Palitan tidak dapat menolak, dengan mengangguk Palitan duduk bersama temannya di gondok kanan pondok utama padepokan Sekar Wangi. Sesaat lamanya keduanya menunggu, berikutnya dapat melihat beberapa orang keluar dari dalam ruangan utama.

Mereka nampak menuju gondok dimana Palitan dan temannya menunggu.

''Syukurlah Tuan Kamandanu sudah pulih,'' kata Palitan sambil berdiri menyongsong orang-orang yang datang itu.

Lelaki yang sudah berumur dengan jubah putih tersenyum memandang Palitan. Arya Kamandanu bersama Ki Resi Rengga dan putranya, Jambu Nada serta keponakannya Ayu Wandiria.

''Ternyata Hyang Batara Agung masih memberikan kesempatan padaku untuk dapat menikmati dunia-Nya sampai hari ini,'' sahut Kamandanu. "Marilah kita duduk di sini sambil menikmati padepokan yang terlihat asri dan tenang ini."

''Maaf Tuan-tuan prajurit, kami tidak dapat menyambut kalian dengan semestinya,'' sela Ki Resi Rengga.

''Ah, ini sudah lebih cukup Eyang guru. Kami sudah mendapatkan sambutan yang istimewa sebelumnya dari Kakang Panjura,'' sahut Palitan.

''Kau berlebihan Adi, aku hanya memberikan makanan dan minuman sekadarnya,'' balas Panjura.

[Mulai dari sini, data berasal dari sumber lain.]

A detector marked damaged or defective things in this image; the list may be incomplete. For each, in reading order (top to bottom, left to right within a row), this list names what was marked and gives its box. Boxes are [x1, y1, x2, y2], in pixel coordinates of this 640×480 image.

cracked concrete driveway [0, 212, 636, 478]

Sesat mereka saling menanyakan kabar dan berbincang ringan seputar padepokan dan juga tentang keadaan Majapahit yang mulai membaik.

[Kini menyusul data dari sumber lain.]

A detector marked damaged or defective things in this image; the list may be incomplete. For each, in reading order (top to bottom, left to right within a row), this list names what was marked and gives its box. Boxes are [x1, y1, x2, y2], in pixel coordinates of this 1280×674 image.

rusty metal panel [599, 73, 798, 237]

''Maaf Tuan Kamandanu dan Eyang Guru. Kami tidak dapat berlama-lama di padepokan ini, kami harus segera melaporkan kembali tugas yang sudah kami laksanakan ini,'' kata Palitan setelah beberapa saat mereka berbincang-bincang.

Resi Rengga dan beberapa yang jadir di gondok itu mengangguk, mengerti dengan tugas-tugas keprajuritan yang diemban Palitan.

Ayu Wandira yang cukup lama mengamati pembicaraan itu kemudian ikut berbicara, mengajukan keinginan hatinya.

''Paman, aku sudah rindu dengan Darma. Jika Paman mengizinkan aku ingin ikut kedua prajurit ini ke Daha."

Sesat Kamandanu terdiam, tampaknya lelaki itu menimbang sesuatu. Matanya kemudin berpaling pada Ki Resi yang manggut-mangut di tempatnya duduk.

''Ki Resi, rasanya keadaanku sudah pulih. Aku sangat berhutang budi dengan Ki Resi, namun aku tidak bisa berlama-lama di pedepokan yang nyaman ini. Masih ada beberapa hal yang akan kukerjakan dan juga ingin menemui cucuku yang saat ini cukup lama berpisah dari biyungnya."

''Sudah menjadi kewajiban sebagai manusia saling tolong menolong, jika itu sudah menjadi keputusan Tuan, tentunya saya tidak bisa menghalangi. Namun jika berkenan sebaiknya Tuan berangkat besok pagi agar terasa lebih segar,'' balas Resi Rengga ramah.

''Prajurit, jika kalian tidak keberatan marilah bersama kami berangkat besok pagi. Tapi jika kalian memang ada keperluan lain silakan mendahului kami,'' kata Kamandanu.

Sejenak Parlitan terdiam, kemudian mengangguk pelan.

''Sebenarnya tidak masalah berangkat besok atau sekarang, karena tetap saja akan bermalam di perjalanan. Mengingat Tuan juga akan ke Daha, sebaiknya kami menunggu juga sampai besok dan bersama-sama ke Daha.''

''Baiklah jika demikian, untuk saat ini silakan kalian beristirahat dan besok pagi sekali, kita akan berangkat bersama-sama,'' kata Kamandanu lagi sambil tersenyum.

Demikianlah, kedua prajurit utusan Kota Daha itu bermalam di Sekar Wangi. Keduanya menginap di pondok Panjura.